AIM OF THE TASK: Transcribe the following records exactly, images excluded.

*** Opening SOURCE MATERIAL ***

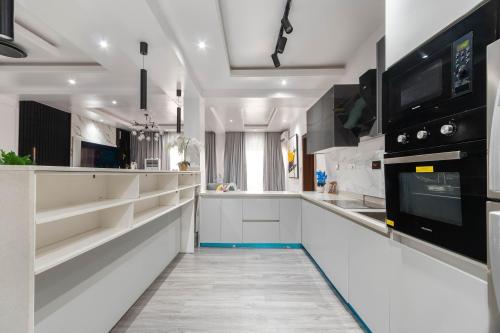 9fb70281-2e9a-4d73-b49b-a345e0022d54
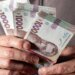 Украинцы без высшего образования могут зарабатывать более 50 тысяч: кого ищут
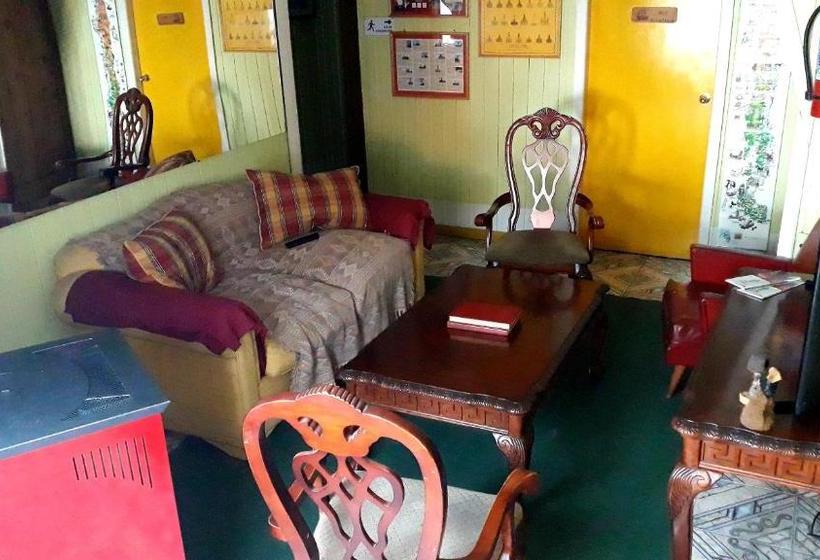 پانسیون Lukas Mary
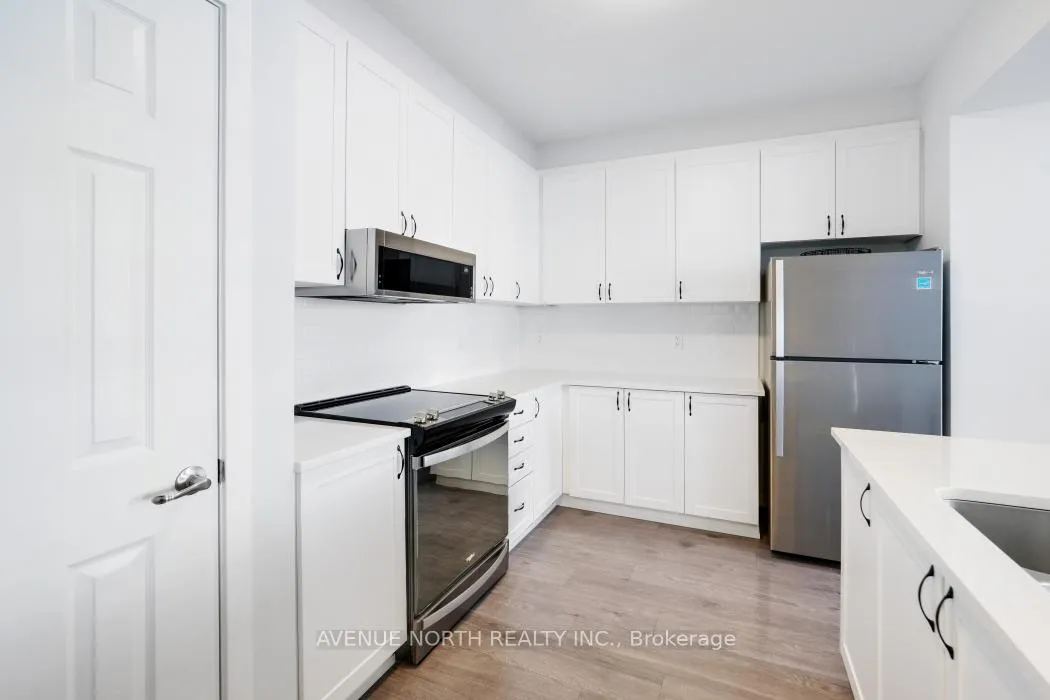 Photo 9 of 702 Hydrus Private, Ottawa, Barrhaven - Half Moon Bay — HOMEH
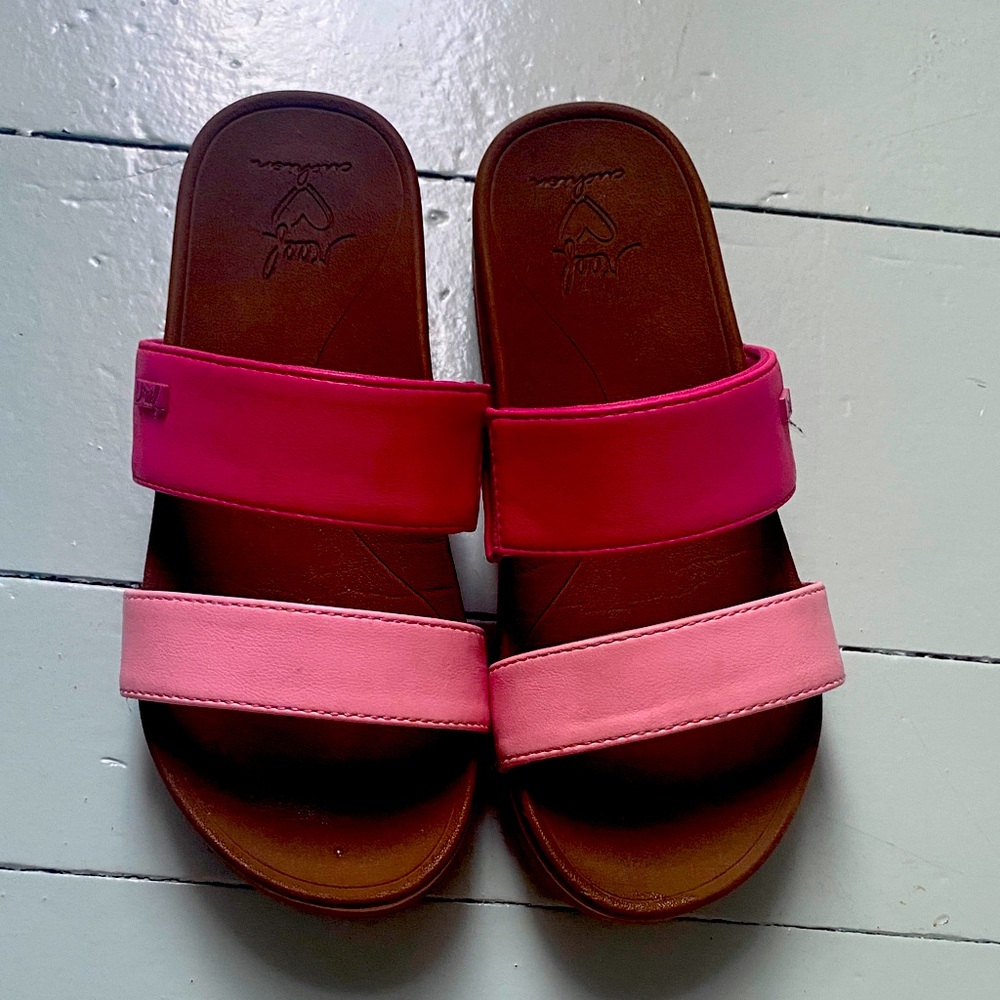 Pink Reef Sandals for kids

*** Closing SOURCE MATERIAL ***

RESPONSE TO THIS EXERCISE:
 9fb70281-2e9a-4d73-b49b-a345e0022d54
 Украинцы без высшего образования могут зарабатывать более 50 тысяч: кого ищут
 پانسیون Lukas Mary
 Photo 9 of 702 Hydrus Private, Ottawa, Barrhaven - Half Moon Bay — HOMEH
 Pink Reef Sandals for kids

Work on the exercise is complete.